__Task prompt__
Using the records below, repeat exactly the lines from the one holding "abrasions in the" through the one holding "they are ill.", both ends included, and no others.

<<<<

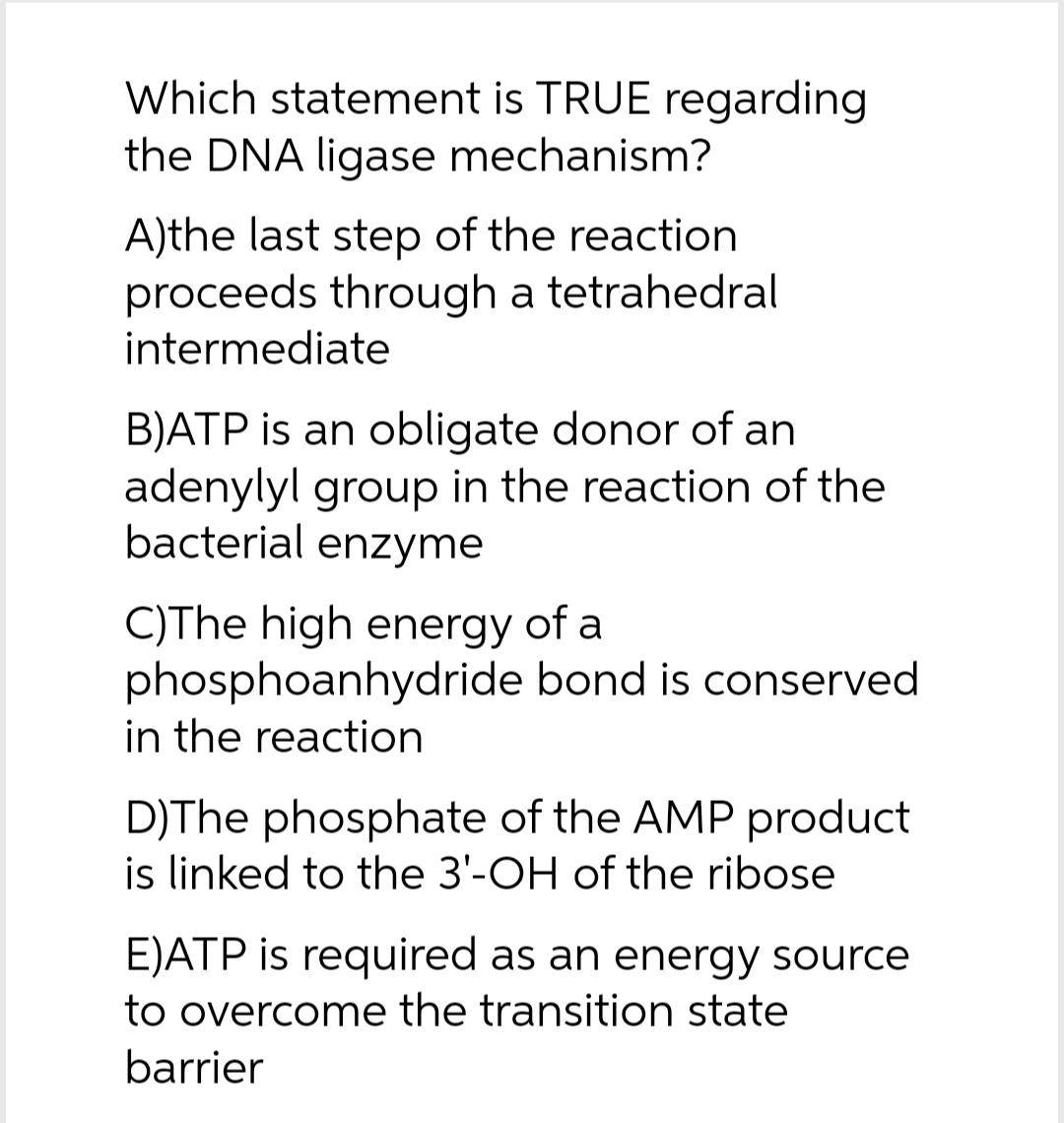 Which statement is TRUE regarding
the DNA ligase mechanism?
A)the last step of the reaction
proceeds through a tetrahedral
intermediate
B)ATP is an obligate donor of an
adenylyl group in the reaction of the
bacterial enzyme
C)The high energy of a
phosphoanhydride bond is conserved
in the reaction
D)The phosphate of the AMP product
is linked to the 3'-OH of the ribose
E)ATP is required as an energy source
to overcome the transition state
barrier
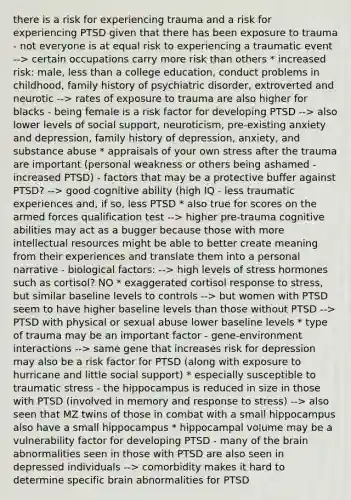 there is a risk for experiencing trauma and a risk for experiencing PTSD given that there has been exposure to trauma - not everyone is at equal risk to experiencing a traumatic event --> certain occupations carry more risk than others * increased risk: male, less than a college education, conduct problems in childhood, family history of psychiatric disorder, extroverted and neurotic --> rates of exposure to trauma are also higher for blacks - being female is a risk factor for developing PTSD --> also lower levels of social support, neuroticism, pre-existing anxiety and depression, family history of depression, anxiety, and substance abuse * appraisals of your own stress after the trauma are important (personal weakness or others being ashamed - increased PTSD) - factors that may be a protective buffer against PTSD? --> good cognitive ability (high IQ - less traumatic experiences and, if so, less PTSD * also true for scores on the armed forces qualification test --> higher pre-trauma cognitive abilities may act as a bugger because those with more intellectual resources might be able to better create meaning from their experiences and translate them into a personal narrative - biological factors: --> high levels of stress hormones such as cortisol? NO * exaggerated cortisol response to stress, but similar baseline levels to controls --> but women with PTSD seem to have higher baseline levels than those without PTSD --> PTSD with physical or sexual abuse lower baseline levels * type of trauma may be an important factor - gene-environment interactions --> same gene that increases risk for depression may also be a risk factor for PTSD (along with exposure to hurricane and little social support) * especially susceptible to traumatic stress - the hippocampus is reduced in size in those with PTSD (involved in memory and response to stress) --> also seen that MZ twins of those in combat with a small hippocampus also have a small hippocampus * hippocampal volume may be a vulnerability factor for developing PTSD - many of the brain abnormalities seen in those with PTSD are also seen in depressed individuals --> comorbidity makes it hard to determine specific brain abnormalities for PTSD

>>>>
<<<<

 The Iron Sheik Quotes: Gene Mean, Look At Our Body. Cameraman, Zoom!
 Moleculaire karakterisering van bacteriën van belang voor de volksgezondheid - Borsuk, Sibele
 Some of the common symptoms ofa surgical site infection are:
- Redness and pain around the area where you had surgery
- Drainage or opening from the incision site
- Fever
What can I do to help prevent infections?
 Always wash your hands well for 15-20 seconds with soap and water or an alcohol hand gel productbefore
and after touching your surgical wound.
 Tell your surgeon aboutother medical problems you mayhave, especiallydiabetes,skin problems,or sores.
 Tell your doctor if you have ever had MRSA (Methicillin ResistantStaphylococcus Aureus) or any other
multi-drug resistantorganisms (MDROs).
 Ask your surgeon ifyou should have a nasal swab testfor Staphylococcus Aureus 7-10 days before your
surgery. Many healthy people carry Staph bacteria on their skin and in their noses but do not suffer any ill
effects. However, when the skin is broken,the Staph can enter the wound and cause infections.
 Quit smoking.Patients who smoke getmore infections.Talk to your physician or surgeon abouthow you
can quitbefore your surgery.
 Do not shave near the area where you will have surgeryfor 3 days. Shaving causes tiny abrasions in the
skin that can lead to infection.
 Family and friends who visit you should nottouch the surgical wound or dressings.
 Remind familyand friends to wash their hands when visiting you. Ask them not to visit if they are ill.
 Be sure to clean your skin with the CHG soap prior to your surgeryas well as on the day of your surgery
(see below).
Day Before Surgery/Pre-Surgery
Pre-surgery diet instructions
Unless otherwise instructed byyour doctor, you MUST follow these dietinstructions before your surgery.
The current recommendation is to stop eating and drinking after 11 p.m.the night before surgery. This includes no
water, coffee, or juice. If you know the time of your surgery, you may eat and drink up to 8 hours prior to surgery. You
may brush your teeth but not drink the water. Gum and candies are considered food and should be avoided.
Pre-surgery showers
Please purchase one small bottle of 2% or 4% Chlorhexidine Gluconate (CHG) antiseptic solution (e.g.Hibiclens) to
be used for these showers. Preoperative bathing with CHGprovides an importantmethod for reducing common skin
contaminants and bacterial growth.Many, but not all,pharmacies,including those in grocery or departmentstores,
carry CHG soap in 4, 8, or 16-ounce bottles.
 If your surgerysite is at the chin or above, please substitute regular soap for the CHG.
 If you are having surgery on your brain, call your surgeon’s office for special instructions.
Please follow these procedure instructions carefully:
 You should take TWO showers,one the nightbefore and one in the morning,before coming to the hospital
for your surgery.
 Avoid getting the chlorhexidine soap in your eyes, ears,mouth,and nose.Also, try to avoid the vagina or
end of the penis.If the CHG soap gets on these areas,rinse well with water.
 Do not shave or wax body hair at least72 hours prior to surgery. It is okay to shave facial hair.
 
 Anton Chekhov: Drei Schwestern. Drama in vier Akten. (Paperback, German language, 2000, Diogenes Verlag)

>>>>

__Answer box__
 Do not shave near the area where you will have surgeryfor 3 days. Shaving causes tiny abrasions in the
skin that can lead to infection.
 Family and friends who visit you should nottouch the surgical wound or dressings.
 Remind familyand friends to wash their hands when visiting you. Ask them not to visit if they are ill.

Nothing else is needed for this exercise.